Task details: No pictures go into the output, which should consist only of the lines from the first line of the data through the line with "All right, that's", copied exactly.

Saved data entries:
-*-*-
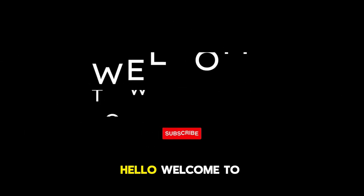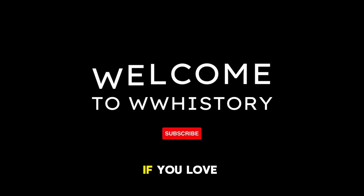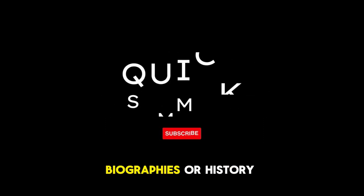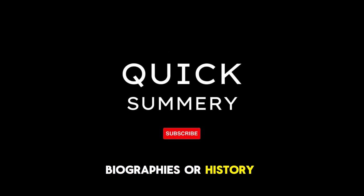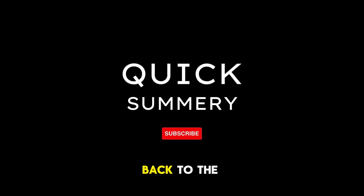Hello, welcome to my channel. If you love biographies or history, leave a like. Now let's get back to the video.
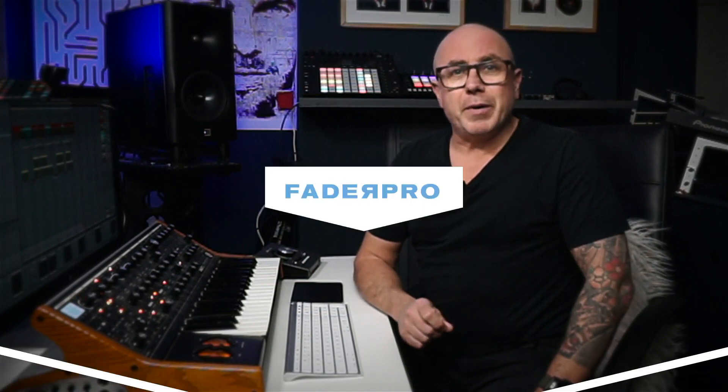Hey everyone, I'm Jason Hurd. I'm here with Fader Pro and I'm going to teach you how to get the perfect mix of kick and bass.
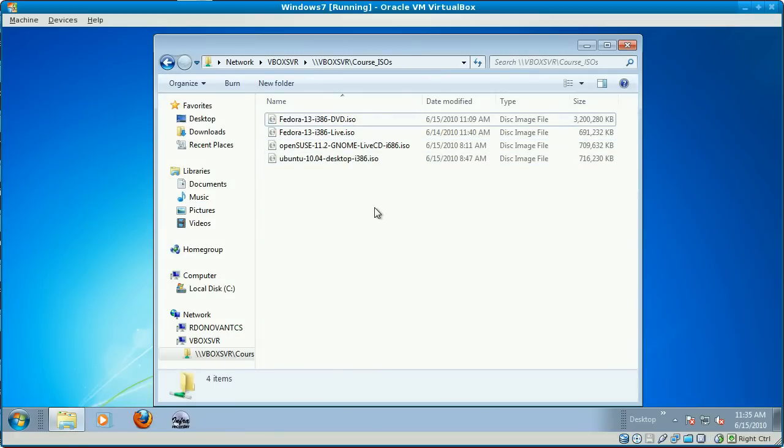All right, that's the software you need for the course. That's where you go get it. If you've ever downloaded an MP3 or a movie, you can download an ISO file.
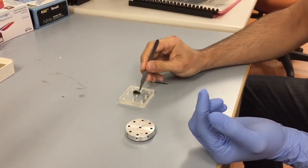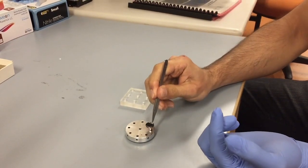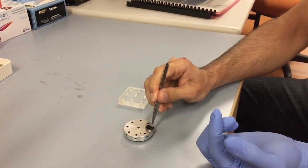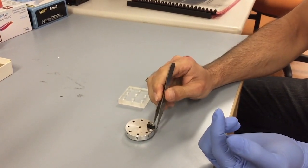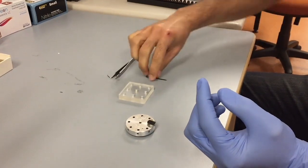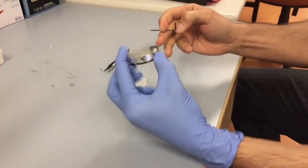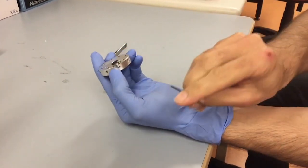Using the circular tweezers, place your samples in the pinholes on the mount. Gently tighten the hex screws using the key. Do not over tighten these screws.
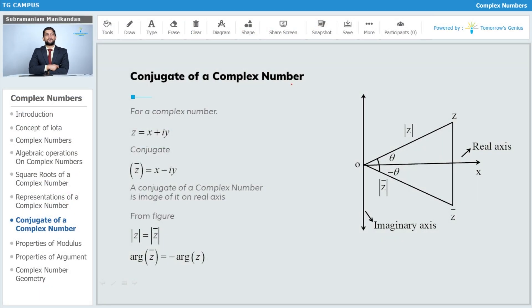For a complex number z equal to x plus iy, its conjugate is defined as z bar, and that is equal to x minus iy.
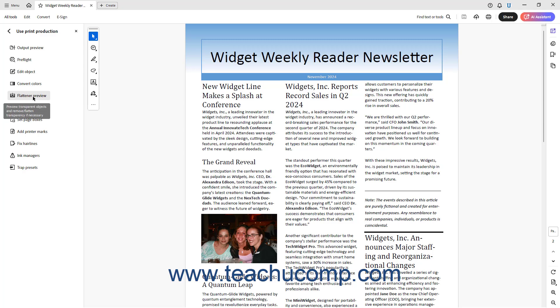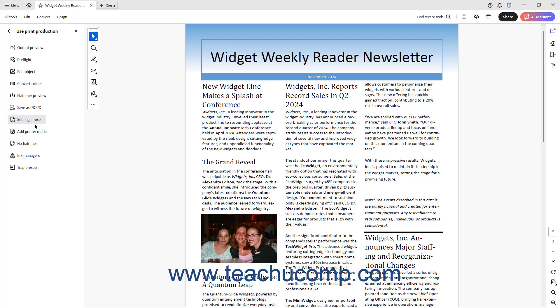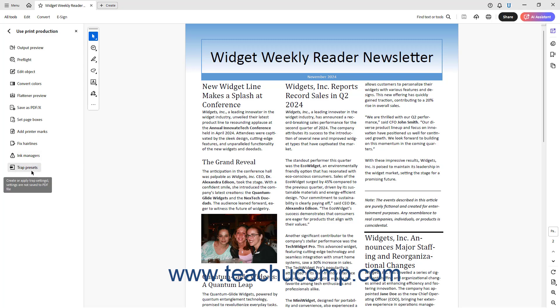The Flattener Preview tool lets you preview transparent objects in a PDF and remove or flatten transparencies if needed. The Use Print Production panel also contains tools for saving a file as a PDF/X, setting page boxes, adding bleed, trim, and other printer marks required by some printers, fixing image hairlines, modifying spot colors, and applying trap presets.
-*-*-
Exercise response:
Hello, welcome to my channel. If you love biographies or history, leave a like. Now let's get back to the video.
Hey everyone, I'm Jason Hurd. I'm here with Fader Pro and I'm going to teach you how to get the perfect mix of kick and bass.
All right, that's the software you need for the course. That's where you go get it. If you've ever downloaded an MP3 or a movie, you can download an ISO file.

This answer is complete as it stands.